> [TASK STATEMENT]: Pictures aside, write every record out again word for word.

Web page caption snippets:
+-------+
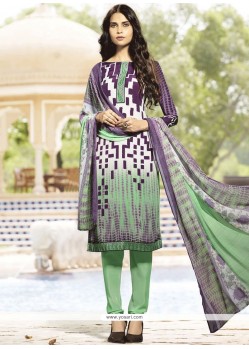 Embroidered Work Multi Colour Faux Crepe Churidar Suit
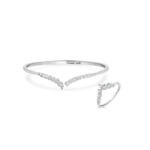 Ensemble bague et bracelet chevron en argent 925 serti d'une rivière de zircons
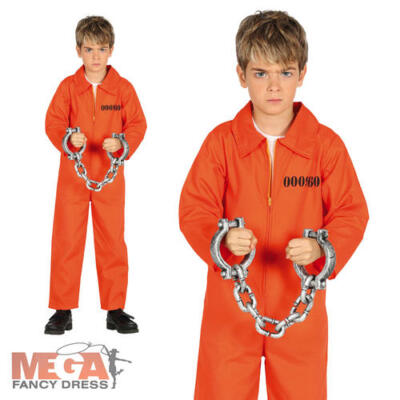 Jungen Gefangenen Kostüm orange Overall Sträfling Kinder Halloween Kostüm Outfit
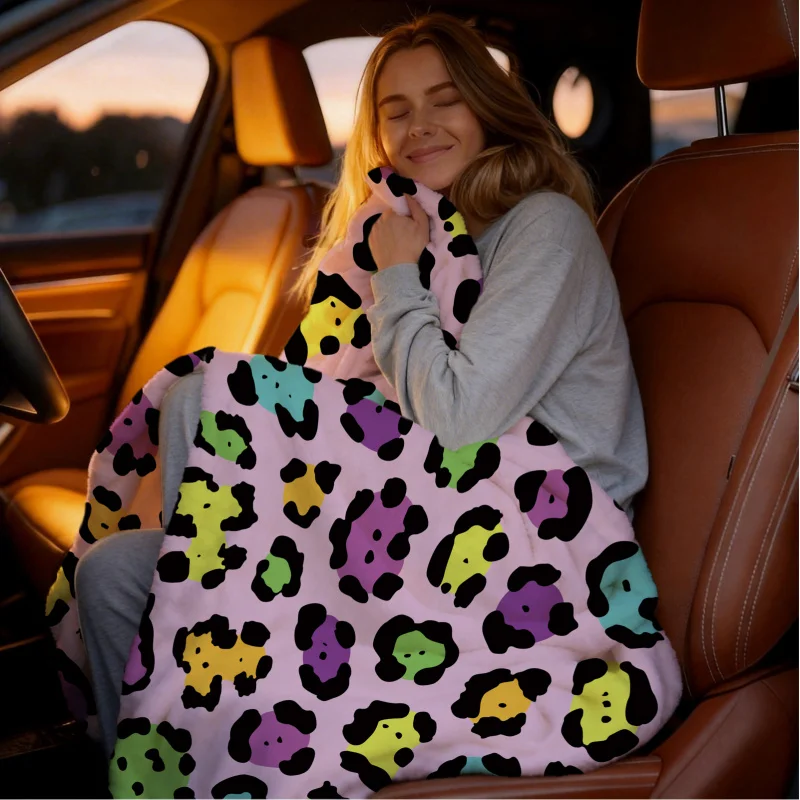 Flannel Blanket Classic Leopard Print, Warm Soft Throw Blanket, Comfortable Daily Use Blanket Ideal For Festival Gifts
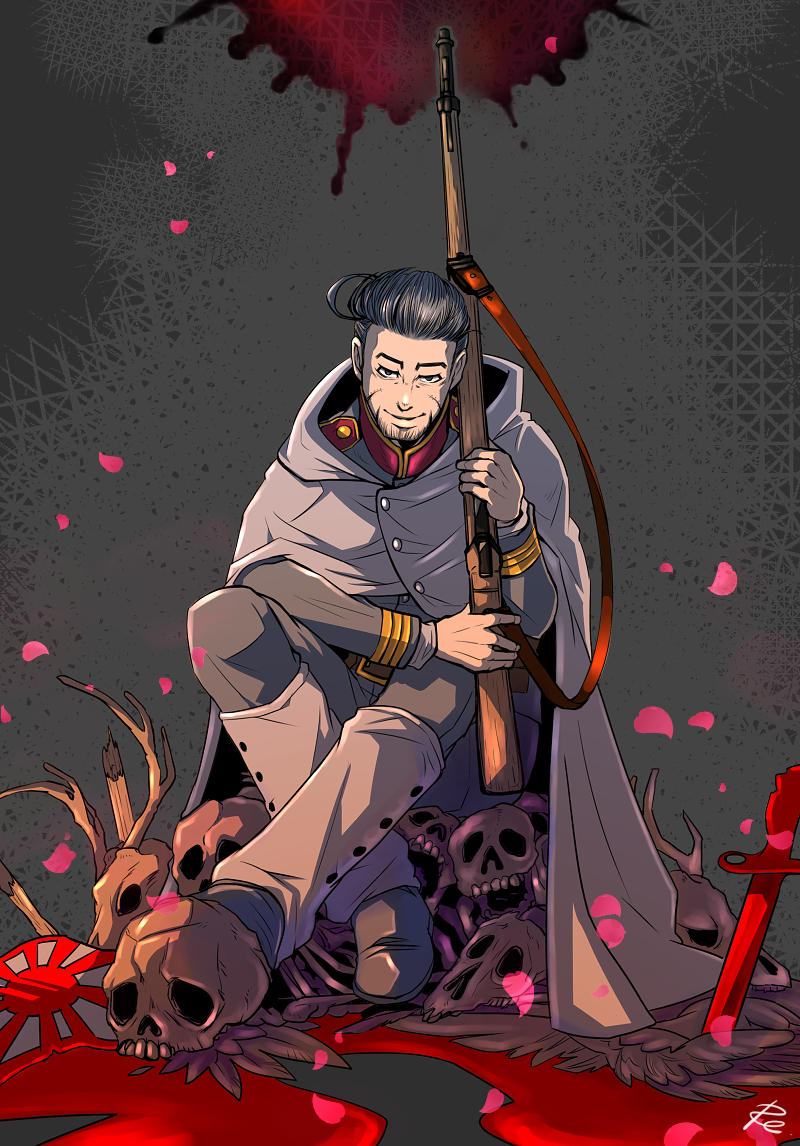 1boy beard black_eyes black_hair blood cape deer_skull facial_hair golden_kamuy grey_background gun holding holding_gun holding_weapon looking_at_viewer male_focus ogata_hyakunosuke pile_of_skulls planted reiziru scar scar_on_cheek scar_on_face sitting solo weapon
+-------+
> [ANSWER TO THE PROBLEM]:
 Embroidered Work Multi Colour Faux Crepe Churidar Suit
 Ensemble bague et bracelet chevron en argent 925 serti d'une rivière de zircons
 Jungen Gefangenen Kostüm orange Overall Sträfling Kinder Halloween Kostüm Outfit
 Flannel Blanket Classic Leopard Print, Warm Soft Throw Blanket, Comfortable Daily Use Blanket Ideal For Festival Gifts
 1boy beard black_eyes black_hair blood cape deer_skull facial_hair golden_kamuy grey_background gun holding holding_gun holding_weapon looking_at_viewer male_focus ogata_hyakunosuke pile_of_skulls planted reiziru scar scar_on_cheek scar_on_face sitting solo weapon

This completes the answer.